Exercise aim -> For this exercise, output the line containing "this 640×397 image." and all lines after it to the end of the records, exactly, with no other content.

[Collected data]
-- Opening Marker --

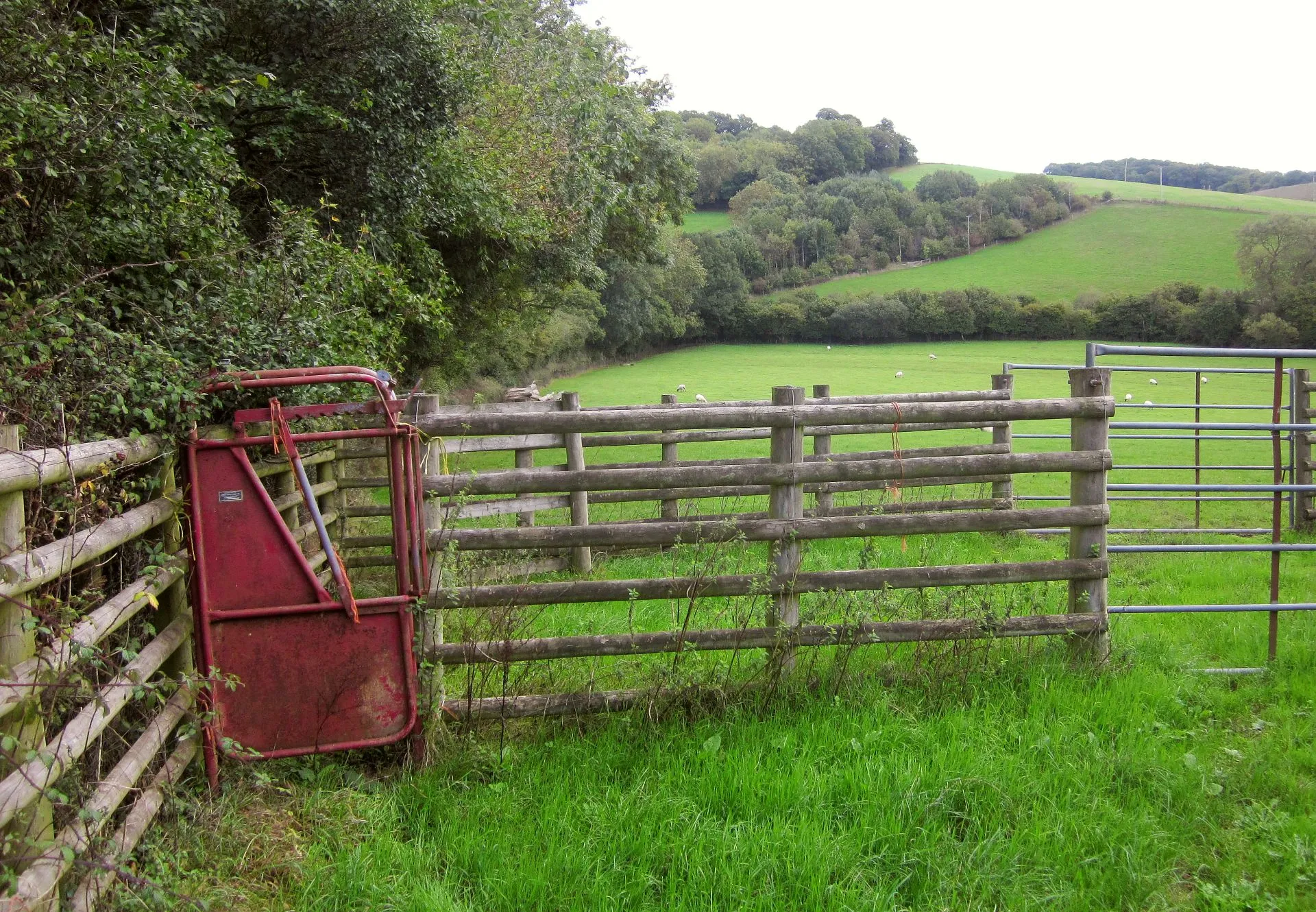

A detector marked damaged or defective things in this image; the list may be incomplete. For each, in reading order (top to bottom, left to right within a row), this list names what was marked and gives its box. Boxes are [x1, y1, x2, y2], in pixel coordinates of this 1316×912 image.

rusty red gate panel [186, 365, 426, 784]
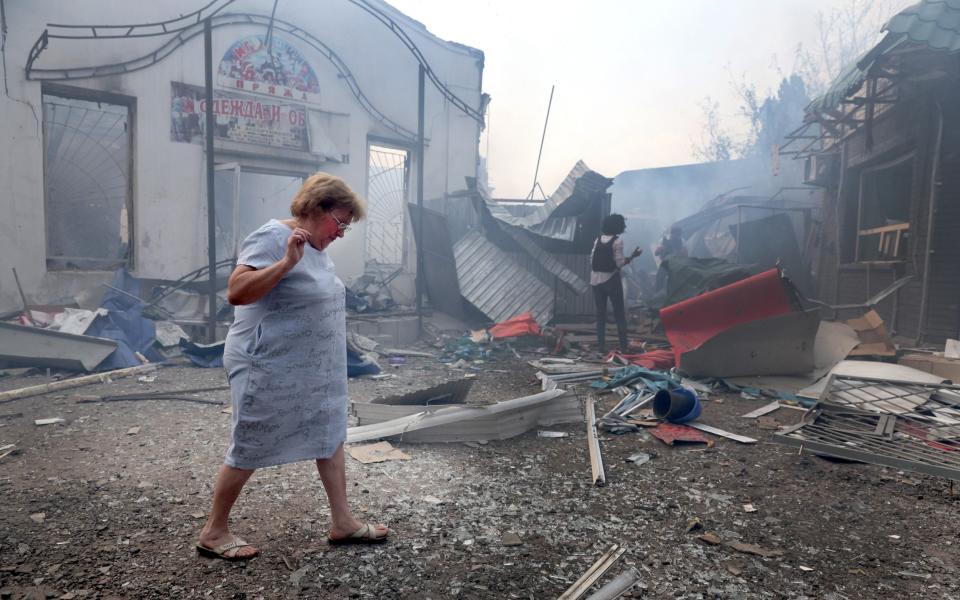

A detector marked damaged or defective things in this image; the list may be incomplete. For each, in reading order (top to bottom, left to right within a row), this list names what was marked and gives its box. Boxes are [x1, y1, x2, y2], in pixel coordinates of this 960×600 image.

broken window frame [42, 83, 136, 270]
damaged building facade [0, 1, 484, 314]
damaged building facade [784, 0, 960, 344]
broken window frame [852, 152, 912, 262]
broken timber [0, 360, 156, 404]
broken timber [584, 396, 608, 486]
broken timber [560, 544, 628, 600]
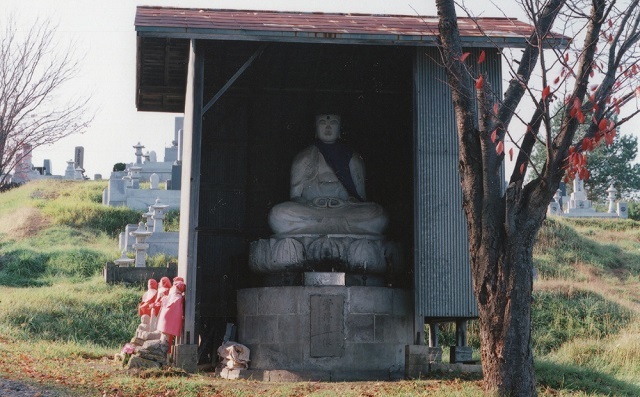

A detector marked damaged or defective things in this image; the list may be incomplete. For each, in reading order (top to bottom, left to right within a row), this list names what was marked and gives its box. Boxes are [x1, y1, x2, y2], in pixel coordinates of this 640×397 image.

rusty metal panel [135, 6, 564, 47]
rusty metal panel [412, 47, 508, 318]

-- Closing Marker --

Your solution ->
A detector marked damaged or defective things in this image; the list may be incomplete. For each, in reading order (top to bottom, left to right within a row), this list names what was marked and gives its box. Boxes are [x1, y1, x2, y2], in pixel coordinates of this 640×397 image.

rusty metal panel [135, 6, 564, 47]
rusty metal panel [412, 47, 508, 318]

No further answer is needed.